▶ _WHAT YOU WILL DO_
The answer is the exact run of lines in the listing below from the line containing "Slide: The Image" up to and including the line containing "Portrait of senior", with pictures removed.

▶ _DATA FOR THIS TASK_
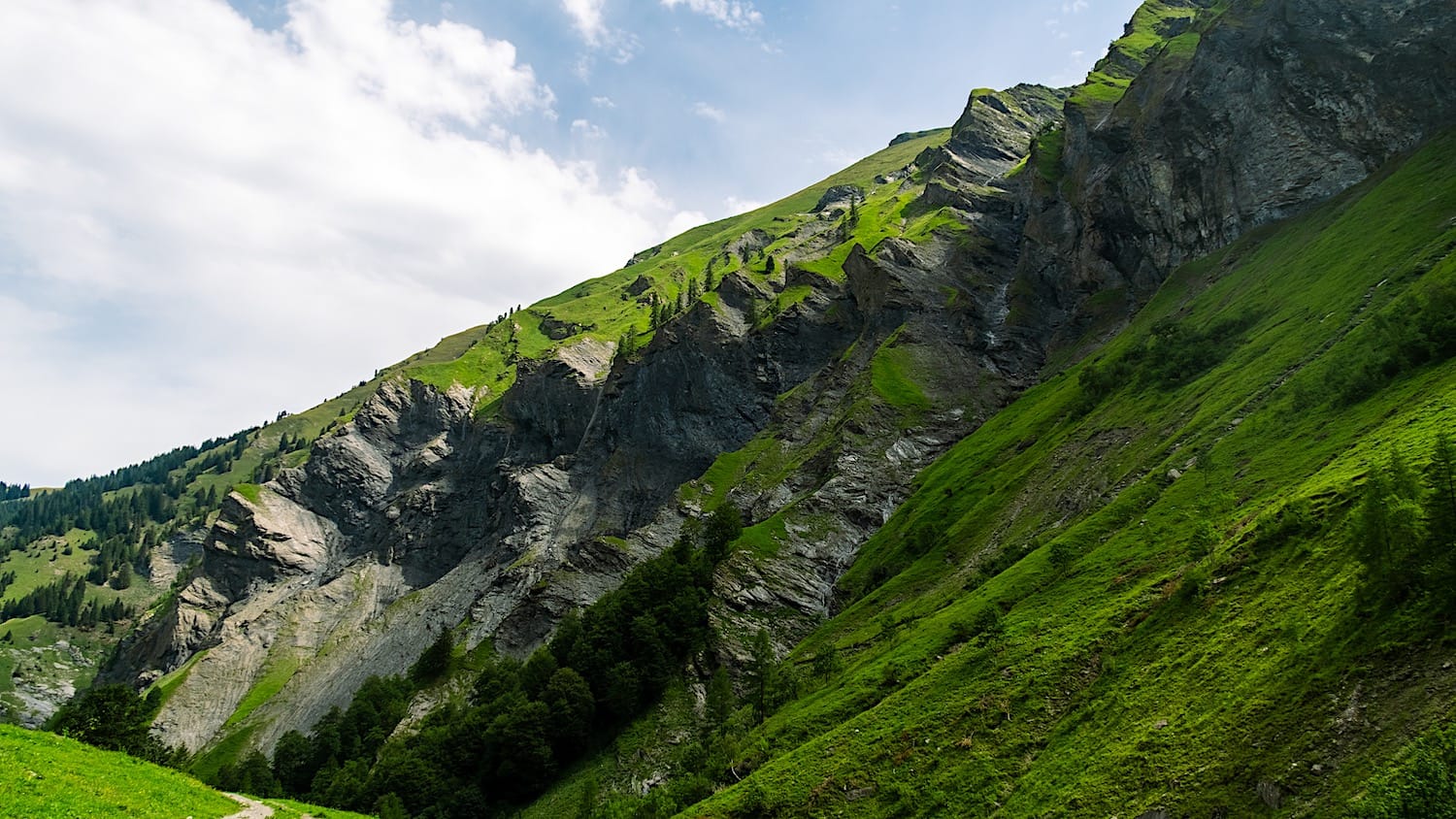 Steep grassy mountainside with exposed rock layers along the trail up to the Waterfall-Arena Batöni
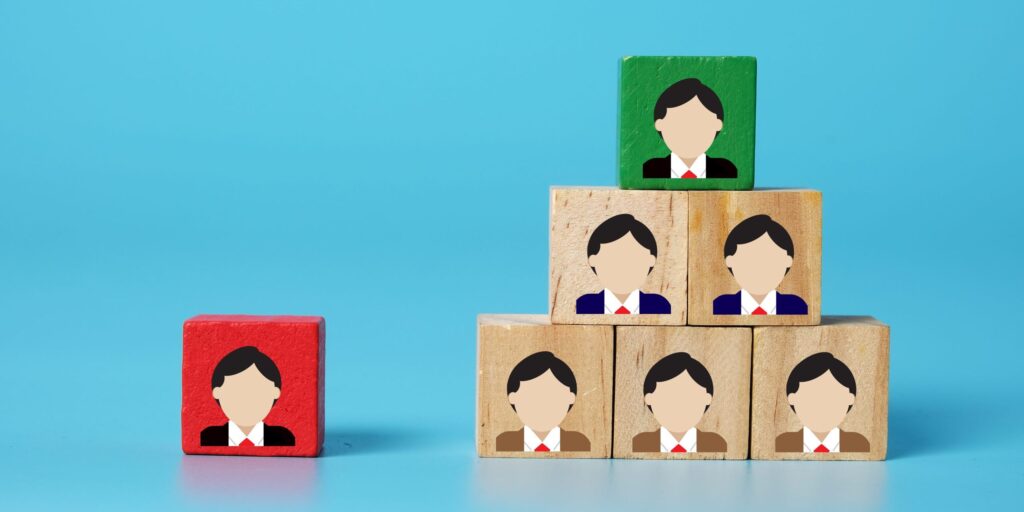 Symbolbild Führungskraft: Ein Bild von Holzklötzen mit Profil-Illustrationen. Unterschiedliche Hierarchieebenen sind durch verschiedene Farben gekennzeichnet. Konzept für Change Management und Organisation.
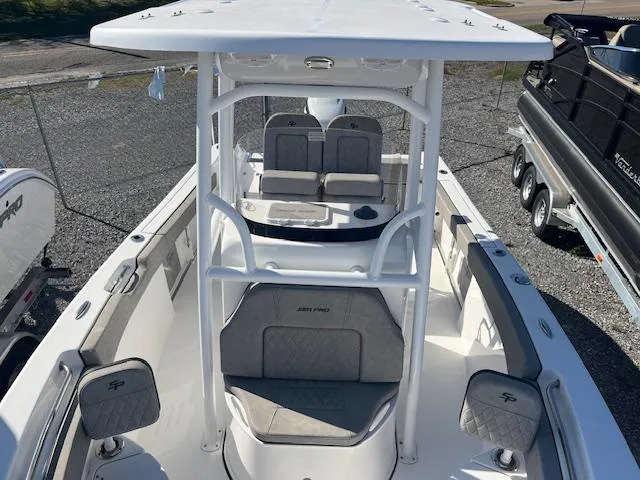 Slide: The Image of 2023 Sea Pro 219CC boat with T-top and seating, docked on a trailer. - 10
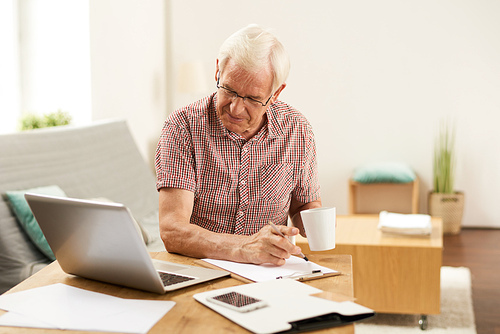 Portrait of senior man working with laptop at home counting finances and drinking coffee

---

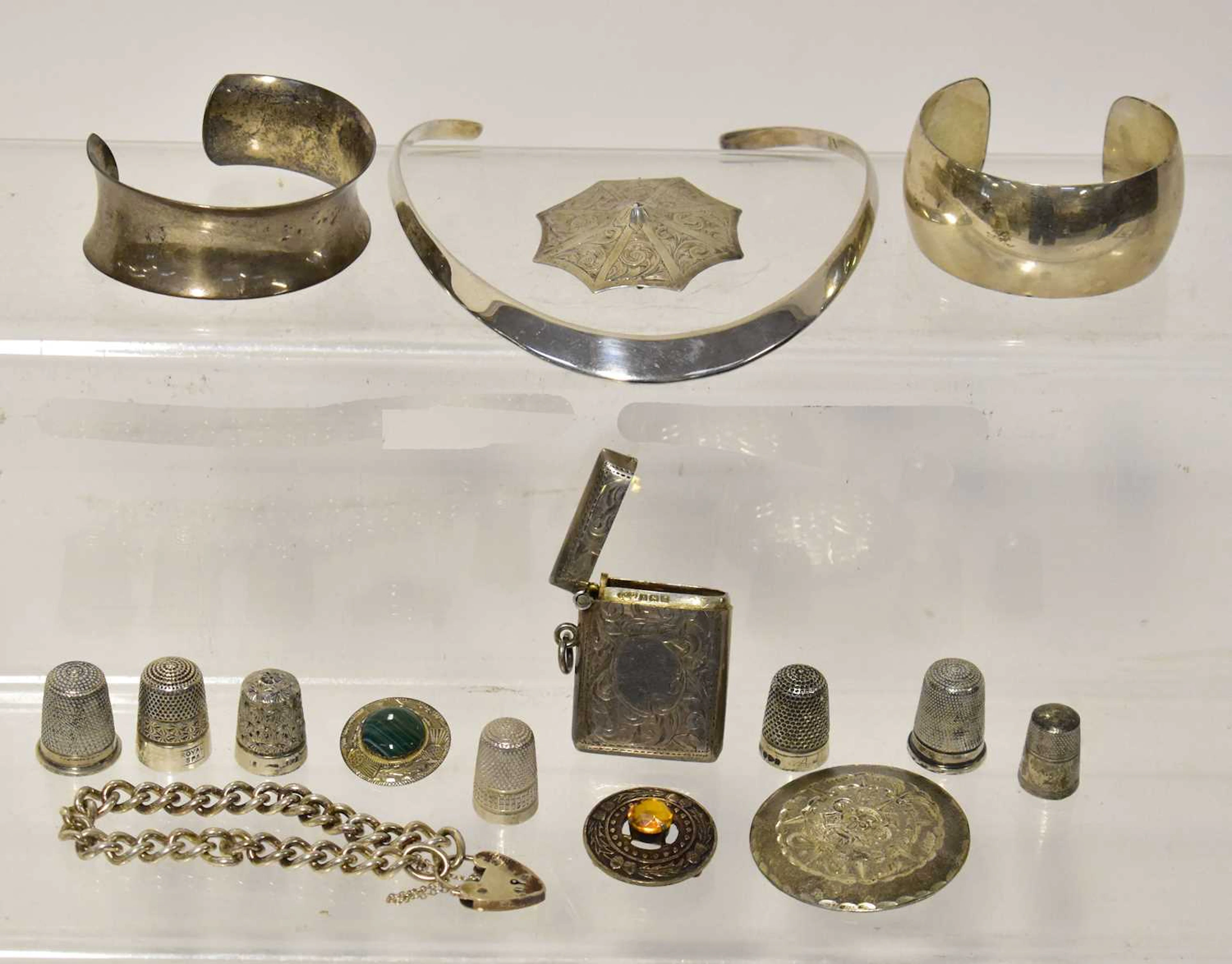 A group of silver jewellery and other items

==

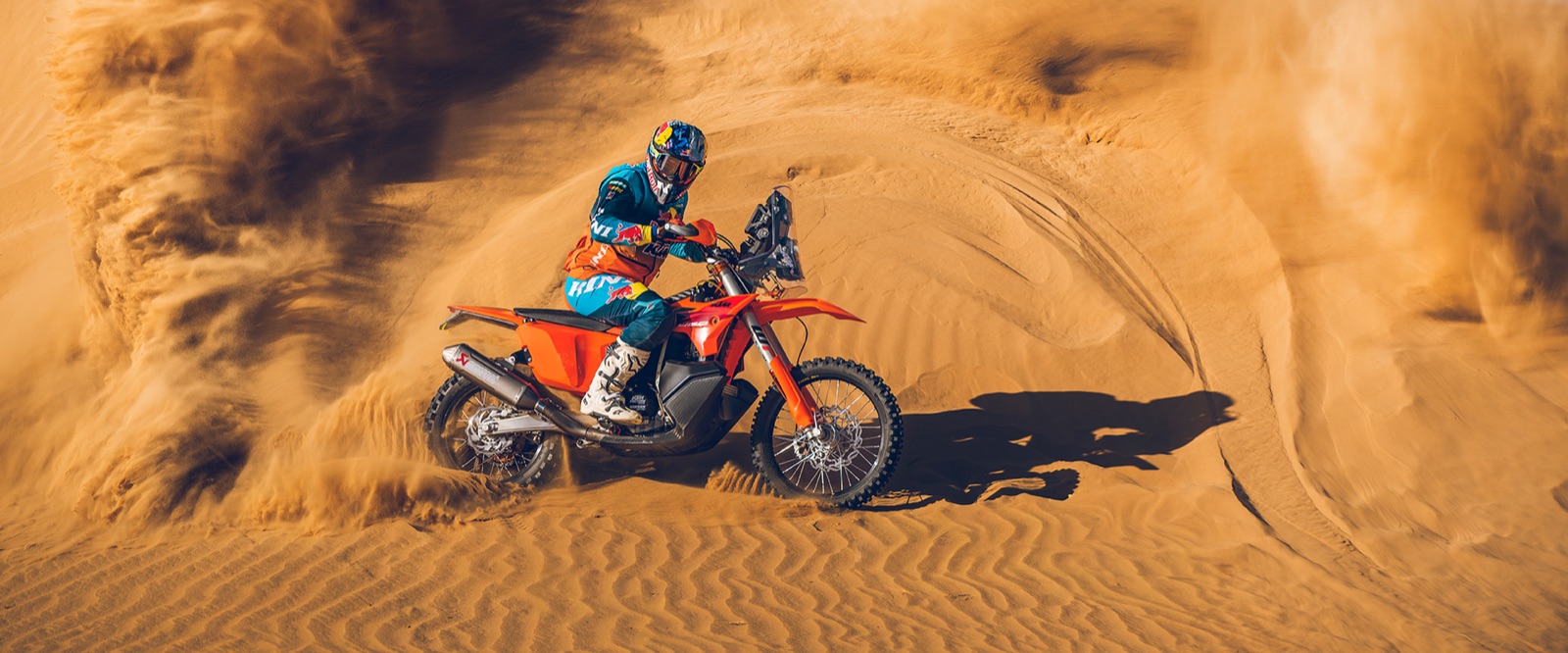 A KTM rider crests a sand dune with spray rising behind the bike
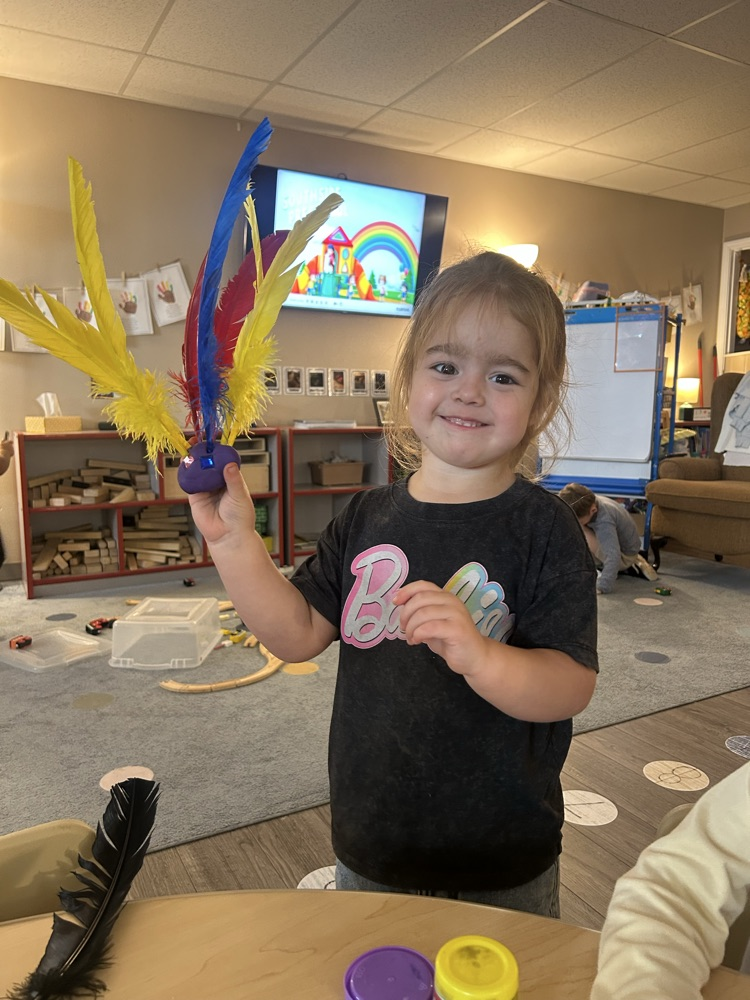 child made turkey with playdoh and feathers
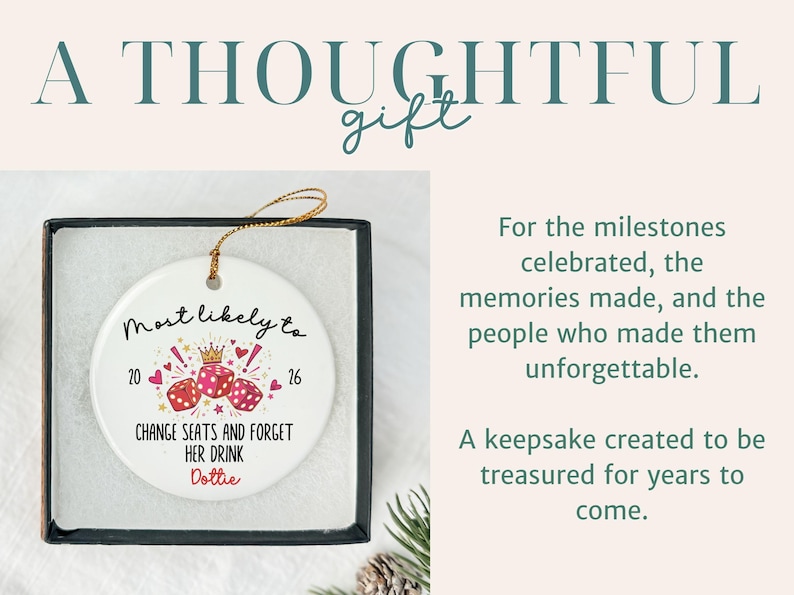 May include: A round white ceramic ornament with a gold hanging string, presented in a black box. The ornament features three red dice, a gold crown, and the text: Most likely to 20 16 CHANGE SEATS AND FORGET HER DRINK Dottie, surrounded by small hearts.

▶ _SOLVED PROBLEM_
 Slide: The Image of 2023 Sea Pro 219CC boat with T-top and seating, docked on a trailer. - 10
 Portrait of senior man working with laptop at home counting finances and drinking coffee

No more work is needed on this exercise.